Несчастнейший мой отец ни о чем не был осведомлен, и если содеянное мной —
преступление, то совершила его я одна».
32.
Не дав ей закончить, Соран восклицает, что она не
последовала за ним в провинцию, что по молодости лет не могла знать Плавта, что
не была замешана в преступлениях мужа и, повинная лишь в чрезмерной любви к
отцу, должна быть оставлена в стороне от дознания по его делу; сам же он
покорится уготованной ему участи, какой бы она ни была.

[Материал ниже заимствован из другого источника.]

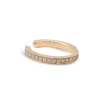 Christy ear cuff with a sleek modern silhouette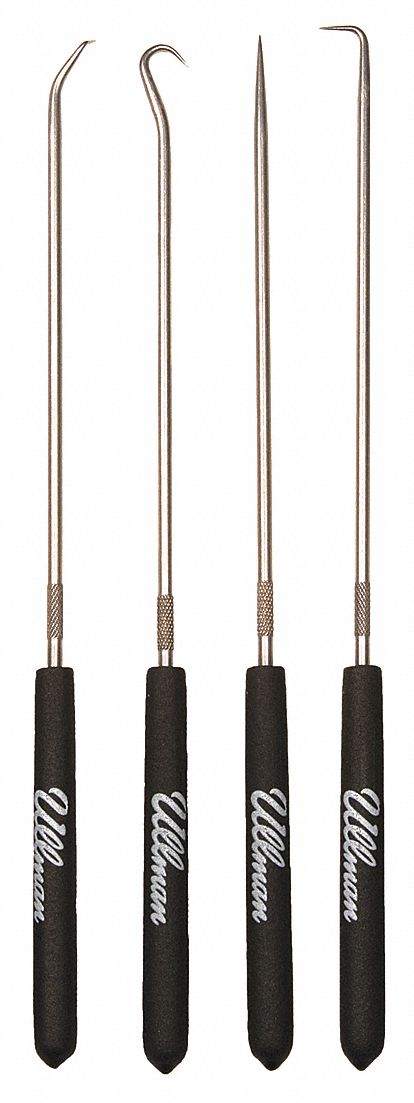 PICK/HOOK SET,STL SHFT, PLSTC GRPS,PK4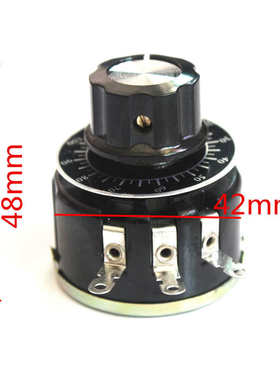 单圈线绕电位器黑色旋钮调速器串励电机撒料车速度控制机器设备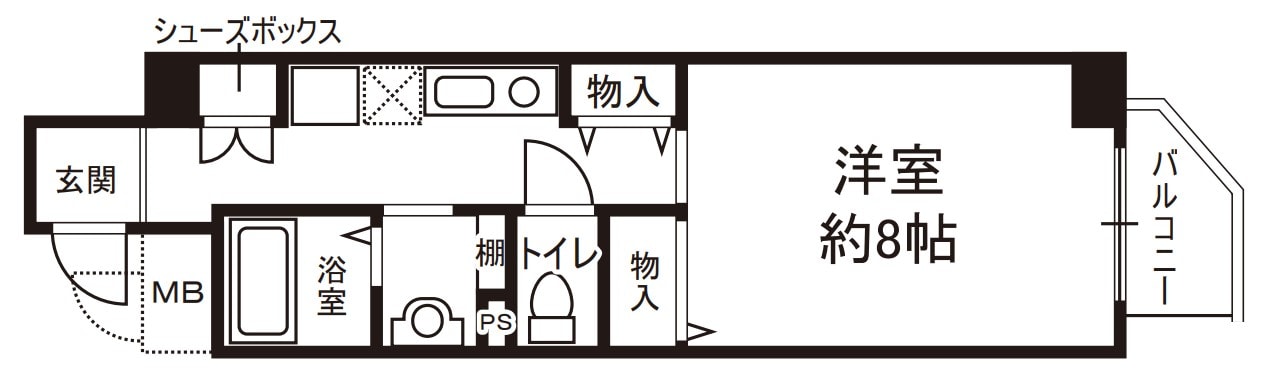 六甲道駅 徒歩10分 2階の物件間取画像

И он кинулся бы в
объятия устремившейся к нему дочери, если бы подоспевшие ликторы не отстранили
их друг от друга. Затем приступили к опросу свидетелей; и если необоснованность
жестокого обвинения возбудила глубокое сочувствие к подсудимому, то презрение и
гнев навлек на себя свидетель Эгнаций. Этот клиент Сорана, подкупленный, чтобы
погубить друга, носил личину последователя стоической школы; искушенный в
притворстве, он внешностью и речами изображал добродетель, но в душе был хитер,
коварен, жаден и похотлив. Деньги вызвали все это наружу, и на своем примере он
воочию показал, что нужно остерегаться не только погрязших в обмане и
запятнавших себя дурными поступками, но и тех, кто под покровом
добропорядочности лжив и вероломен в дружбе.
33.
Тот же день принес, однако, и возвышенный образец
честности, явленный Кассием Асклепиодотом, выдававшимся среди вифинцев
несметным богатством; почитая Сорана, когда тот был на вершине могущества, он
не покинул его и в беде, за что и был лишен достояния и отправлен в ссылку,
показав своею судьбой, сколь безразличны боги к добру и злу. Тразее, Сорану и
Сервилии предоставляется избрать для себя смерть по своему усмотрению;
Гельвидий и Паконий изгоняются из Италии; Монтан, во внимание к просьбе отца[21], был прощен, впрочем с оговоркою,
воспрещавшей ему отправление государственных должностей. Обвинителям Эприю и
Коссуциану было пожаловано по пяти миллионов сестерциев, Осторию — миллион
двести тысяч и квесторские знаки отличия.